Rethinking Prophecy

Isaiah Weeping Over Jerusalem

What defines a prophet? Is it a moral compulsion to uphold justice? Here, the Prophet Isaiah weeps over Jerusalem in a sixteenth-century woodcut by Hans Holbein the Younger. Credit: The New York Public Library/Art Resource, NY.

The Hebrew Bible is a prophetic document. It contains the words of a rare breed of people who appeared in a small corner of the ancient Near East 3,000 years ago and transformed history. Or, if you will, it is a divine message articulated by those highly unusual individuals over a period of some 1,000 years, beginning with Moses, whose historicity is shrouded in the mist of antiquity, running through someone like Jeremiah whose historicity is fairly well established, and ending with Malachi, who is probably a composite figure rather than a specific individual.

What is typical about the prophetic message is that it is loud and clear and unequivocal. Talmudic scholar Saadia Gaon compares it to the blasts of the shofar. The prophet Micah summarizes it in one sentence: “What does Adonai your God ask of you, but to do justice, and love mercy, and walk humbly with Adonai your God?” And yet, despite the fact that those prophets transformed history by bequeathing us words that have defined the morality of human civilization, we know very little about them. Bible scholars have labored long and hard in their quest for the meaning of prophecy, and yet many questions remain unanswered. As for the general public, here for the most part there seems to be a general confusion. Most people cannot tell an Isaiah from a Jeremiah or an Amos from a Hosea.

None of this should surprise us, because a careful reading of the Hebrew Scriptures shows that people in biblical times were also confused about the meaning of prophecy. The first mention in the Bible of the word “prophet” refers to Avraham avinu, Abraham our Patriarch (Gen. 20:1-7).

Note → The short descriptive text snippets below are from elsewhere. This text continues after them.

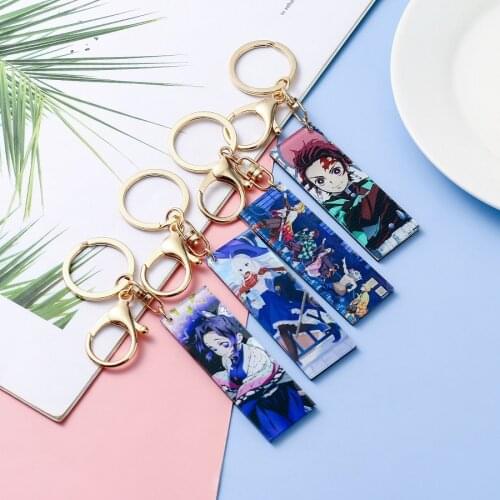 10 Pcs/lot Anime Demon Slayer: Kimetsu No Yaiba Keychains Jujutsu Kaisen Keyring PVC Two Sides Pendant Toys Gift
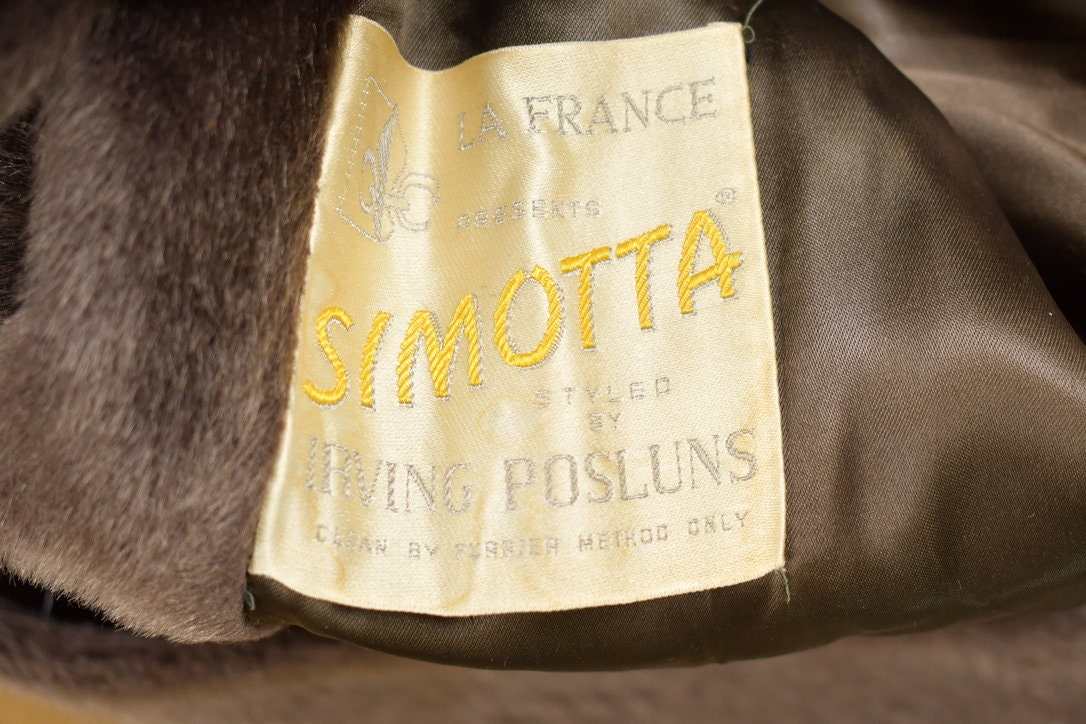 Vintage 1960s Simotta Faux Beaver Full Length Fur Coat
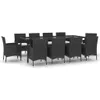 11-tlg. Garten-Essgruppe mit Kissen Schwarz Poly Rattan Produktbild-Vorschau 1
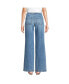 ფოტო #3 პროდუქტის Petite Denim High Rise Button Front Patch Pocket Wide Leg Jeans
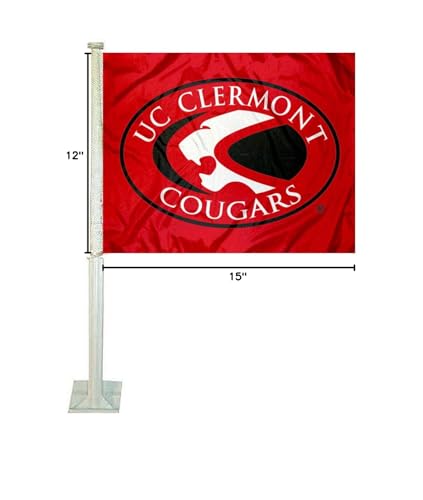 College Flags & Banners Co. Cincinnati Clermont Cougars Car Flag - Sports Collectibles, Sports Memorabilia, Sports Fan Shop, Sports Gifts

Traditional commentators, such as Rashi and the Rashbam, do not take this to mean an actual prophet, but rather someone with unusual mental gifts, or someone who converses with God and receives God’s favor. In Jewish tradition Moses is considered the first prophet, or the Father of the Prophets. Yet Islam and Christianity greatly expand the list of prophets, beginning with Adam. In the Bible we find God speaking to common people, such as Samson’s mother, yet this does not automatically make her a prophet.

What Defines a Prophet?

While the “job description” of the biblical priest, or the scribe, or the Levite is quite clear-cut, that of the prophet remains unclear throughout the entire biblical period. In the time of Jeremiah, quite late in the prophecy period, we have false prophets, quasi-false prophets, and true prophets. Jeremiah himself during his entire prophetic career of some forty years is always doubted and scorned by the people, and barely escapes execution for sedition. This is typical of nearly all the prophets, who are rejected in their lifetime and only recognized by later generations. While the prophets have provided us with enduring guidelines for “what is good, and what Adonai your God expects of you,” they have also left us with many unanswered questions.

What is very clear in surveying the progression of prophecy from Moses to Malachi, is that over the centuries the nature of prophecy underwent profound changes, and once the era of biblical prophecy ended, the role played by the prophets was assumed by new kinds of teachers and prophet-like personalities, in and out of Judaism, who have been influencing human progress (as well as human setbacks) to this day.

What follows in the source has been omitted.